Extensive use of the HTML5 canvas allows for a highly responsive visualization without server
recalculation. Wide genomic areas can be explored by panning and zooming directly within the
client browser. Mapping data can be exported either as .PNG bitmaps or under .SVG vectorial form.
The plasmid dataset originates from the NCBI plasmid repository and is converted into a compact
database locally on our server. The database compilation is optimized and fully automated to
allow frequent updates and ensure exhaustiveness of the analyses. It comprises all natural
bacterial, archaeal and eukaryal plasmids.

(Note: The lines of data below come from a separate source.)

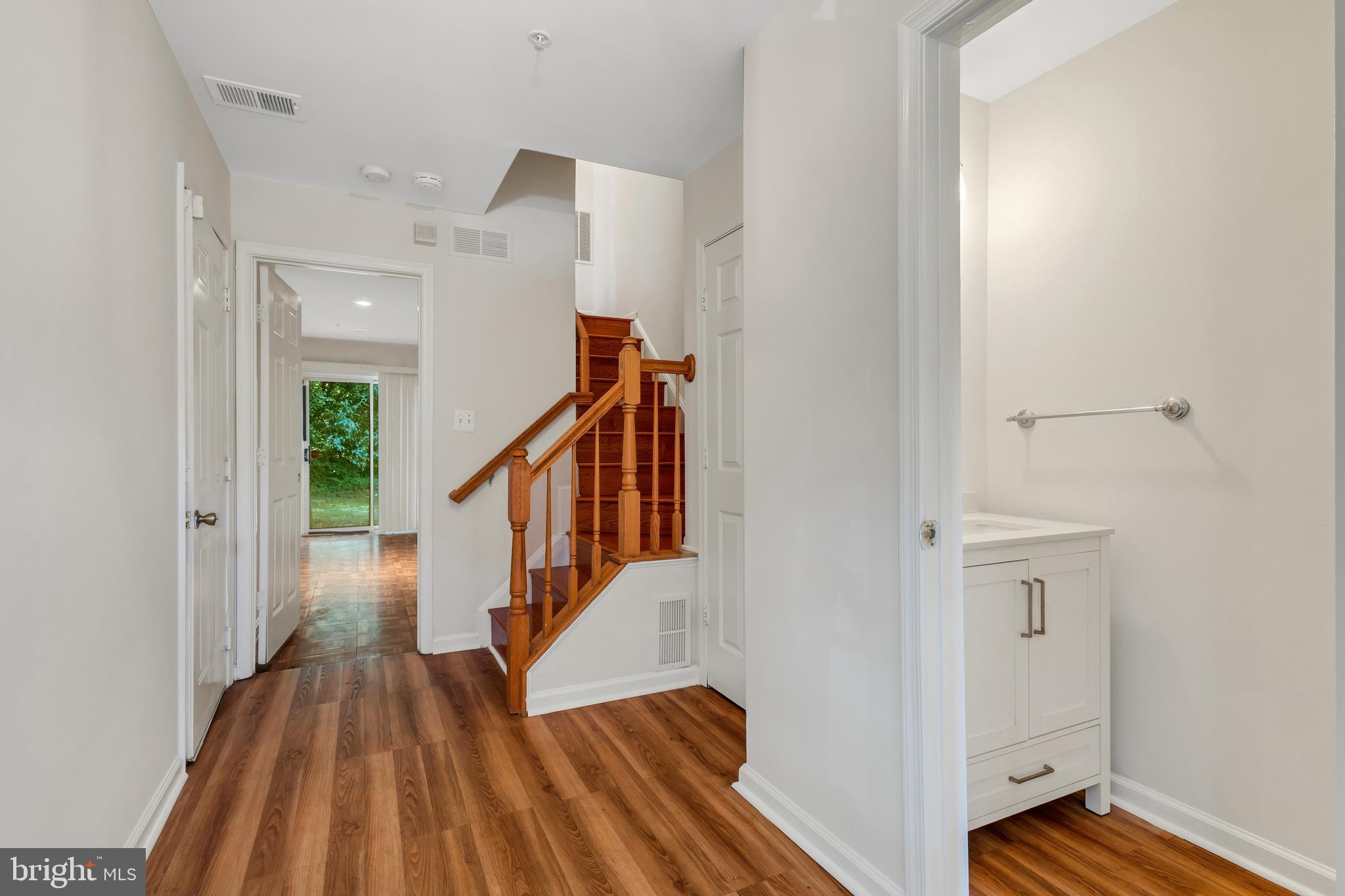 SETON SQUARE - Residential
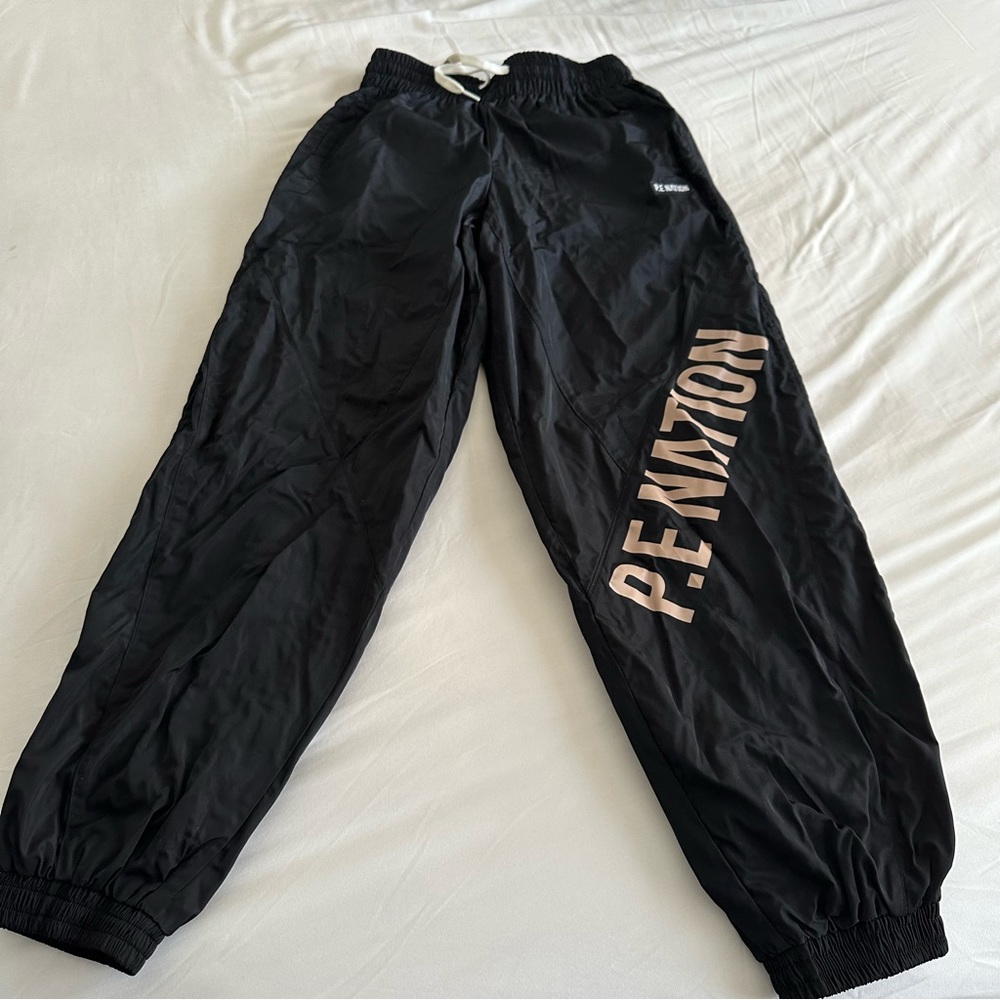 P.E Nation Track Pants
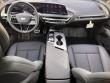 2027 Cadillac Lyriq Sport SUV
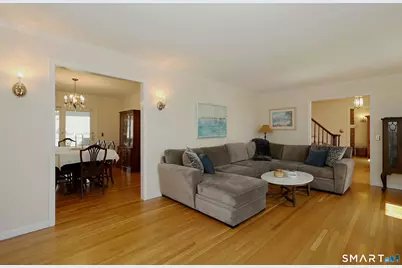 27 Lantern Drive, Ridgefield, CT 06877 - Photo 10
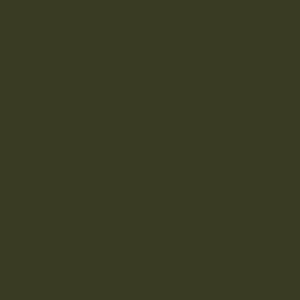 Puff Wall Mirror
60cm x 100cm -
Olive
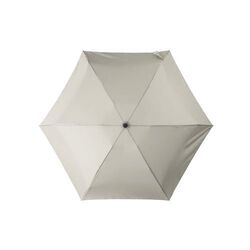 Parapluie très léger 21” avec pochette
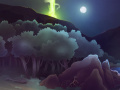 Игри The Secret Of The Necromancer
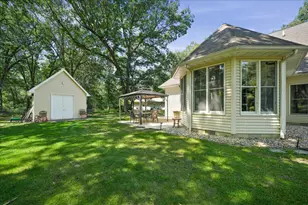 11349 N Oak Ct, Wheatfield, IN 46392 - Photo 29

General description. The WASPS Natural Plasmid Database is composed of three independent components: the WASPS Database,
the WASPS Webtool and the WASPS Updater.
- The WASPS Database is a free standing entity designed to
be accessible locally via server applications
and scripts or remotely via specifically designed web services.
- The WASPS Webtool offers public access to the WASPS Database.
Remote users can perform a variety of
queries and retrieve several levels of information relative to a particular plasmid or investigate
the evolutionary relationship between different plasmids in the database using gene synteny. Similarly, user-provided
annotated or unannotated plasmid sequences can be analyzed as well.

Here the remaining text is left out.